Carlitos qui êtes aux cieux
Auteur : Fernando Vallejo
Editeur : Éditions Belfond
164 Pages
Attention, livre remuant ! Fernando Vallejo, l’enfant terrible de la littérature colombienne révélé en France avec La Vierge des tueurs, poursuit sa chronique hallucinée de la réalité particulièrement chaotique de son pays.
Inspiré d’une histoire vraie, Carlitos qui êtes aux cieux raconte trois années de la vie d’un village colombien nommé Matesis. Avec un style enlevé et savoureux, souvent truculent et débordant, Vallejo retrace l’incroyable destin de son frère Carlos, qui fut élu maire de la ville. Un premier édile des plus iconoclastes, amateur de belles lettres et de beaux garçons, dont le mandat se termina en drame. Car, en Colombie, terre baroque par excellence si l’on en croit Vallejo, la bouffonnerie n’est jamais loin de la violence.

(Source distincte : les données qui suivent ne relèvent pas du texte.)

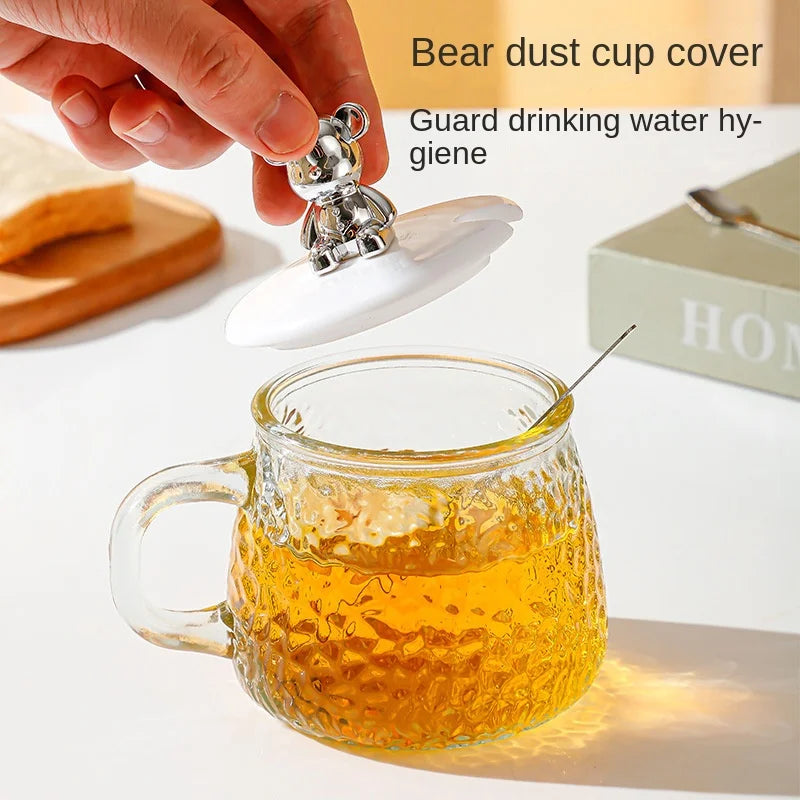Copo De Café De Vidro Com Alça E Tampa, Decoração de Urso, Simples Estilo, Copo De Café Da Manhã, Copo De Chá Transparente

À la fois très drôle et désenchanté, Carlitos qui êtes aux cieux est également une charge acerbe contre la politique colombienne qui, sous la plume de Vallejo, apparaît bien folklorique. Sans doute jumelé avec le Macondo de Cent ans de solitude, Matesis est bien entendu la métaphore du pays tout entier. Ici, les morts votent à tour de bras, les suffrages s’achètent pour trois fois rien, les menaces minent la démocratie et l’indigence guette le peuple.
La situation est grave, mais pas désespérée, semble nous dire Vallejo. Car, plus qu’un pamphlet brûlant, Carlitos qui êtes aux cieux évoque une sarabande volcanique et endiablée en forme d’hymne à la vie. Cette vie, qui est aussi (et surtout) une fête à Matesis. Pensez donc, on peut mourir demain… Mieux vaut prendre le parti d’en rire, à l’unisson avec les nuées de perroquets moqueurs sortis de l’imagination de Vallejo, qui survolent le territoire des FARC en les affublant de noms d’oiseaux.